Nepaleses pressionam o governo por notícias de familiares que lutam pela Rússia na guerra

Cidadãos do Nepal se juntam às forças russas de olho no salário vantajoso, mas há quem tenha sido enganado para ir lutar

Sob a promessa de salários atraentes, centenas de homens nepaleses aceitaram se juntar às forças da Rússia na guerra da Ucrânia. Desde que eles se apresentaram para combater, familiares alegam ter recebido pouca ou nenhuma informação sobre os combatentes, o que leva muitas pessoas a protestar contra o governo do Nepal para que interceda em busca de notícias. O relato é do jornal South China Morning Post.

O governo do Nepal afirma que há ao menos 200 cidadãos do país servindo às forças russas na guerra da Ucrânia. Um político local diz que na verdade são mais de 700, enquanto nepaleses que foram à Rússia alegam que há milhares de nepaleses nas tropas de Moscou.

Nas últimas semanas, muitos familiares desses homens fizeram um protesto pacífico no Nepal, inclusive em frente à Embaixada da Rússia em Katmandu. Alguns chegaram a ser detidos pela polícia nepalesa sob a alegação de que protestavam em áreas restritas. O protesto só terminou após o governo prometer que ouviria as demandas.
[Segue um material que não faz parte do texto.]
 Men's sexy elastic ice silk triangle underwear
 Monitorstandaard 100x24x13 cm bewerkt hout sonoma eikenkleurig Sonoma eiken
Soldados do exército da Rússia (Foto: reprodução/Facebook)

Os recrutados seriam principalmente jovens nepaleses desempregados que teriam se alistado em troca de um passaporte russo, do visto de viagem e de vencimentos até seis vezes superiores ao salário mínimo local, que é de US$ 130 (R$ 660). Há inclusive relatos de homens que pagaram a recrutadores para que os trâmites com as forças russas fossem facilitados.

Em dezembro do ano passado, as forças de segurança do Nepal realizaram uma operação que terminou com a prisão de dez pessoas suspeitas de participar do esquema de recrutamento. Na ocasião, muitos jovens alegaram ter sido enganados pelos indivíduos, que haviam prometido empregos na Rússia sem revelar que na verdade o contrato era com as Forças Armadas.

Aqueles que embarcam rumo à Rússia invariavelmente perdem contato com os familiares, que alegam não saber se os homens estão vivos ou mortos. Mesmo os que viajam conscientes de que combateriam na guerra não conseguem manter contato. Em pare, a falta de apoio do governo local está atrelada à ilegalidade da situação.

O Nepal mantém acordos com Índia e Reino Unido que autorizam seus militares a atuarem legalmente nas Forças Armadas dessas nações. Tal pacto, entretanto, não existe com a Rússia, portanto os nepaleses são proibidos de servir militarmente a Moscou.

Ante à irregularidade, o governo nepalês manifestou sua insatisfação perante Moscou, solicitando que todos os nepaleses eventualmente recrutados para servir às Forças Armadas russas fossem autorizados a voltar para casa.

Oficialmente, o Nepal alega que foi contatado por 200 famílias em busca de informações e que 19 cidadãos foram confirmados como mortos na guerra. No entanto, cidadãos que combateram por Moscou e conseguiram escapar dizem que há entre oito mil e 14 mil compatriotas na guerra, com centenas de mortos.

Nepal contra a guerra

O governo do Nepal chegou a se posicionar contra o conflito na Ucrânia perante a ONU (Organização das Nações Unidas). De acordo com a rede Deutsche Welle (DW), o país asiático deixou de lado a habitual neutralidade e votou contra a invasão russa ainda em março de 2022, com menos de um mês de guerra.

O que ajuda a explicar o posicionamento de Katmandu é a recente inclinação para o lado dos EUA e de seus aliados ocidentais, algo que inclusive gerou insatisfação entre os partidos pró-China da política local.

Além disso, o Nepal, cujo território está espremido entre duas potências, China e Índia, vê no conflito em curso na Europa um exemplo do que poderia vir a acontecer caso um de seus dois vizinhos resolvesse anexar o território nepalês, como tem tentado fazer Moscou.

Nesse cenário, uma eventual vitória russa sobre a Ucrânia poderia encorajar outras nações a agirem da mesma forma. Um temor que o Nepal compartilha por exemplo com Taiwan, sob constante ameaça de uma invasão chinesa.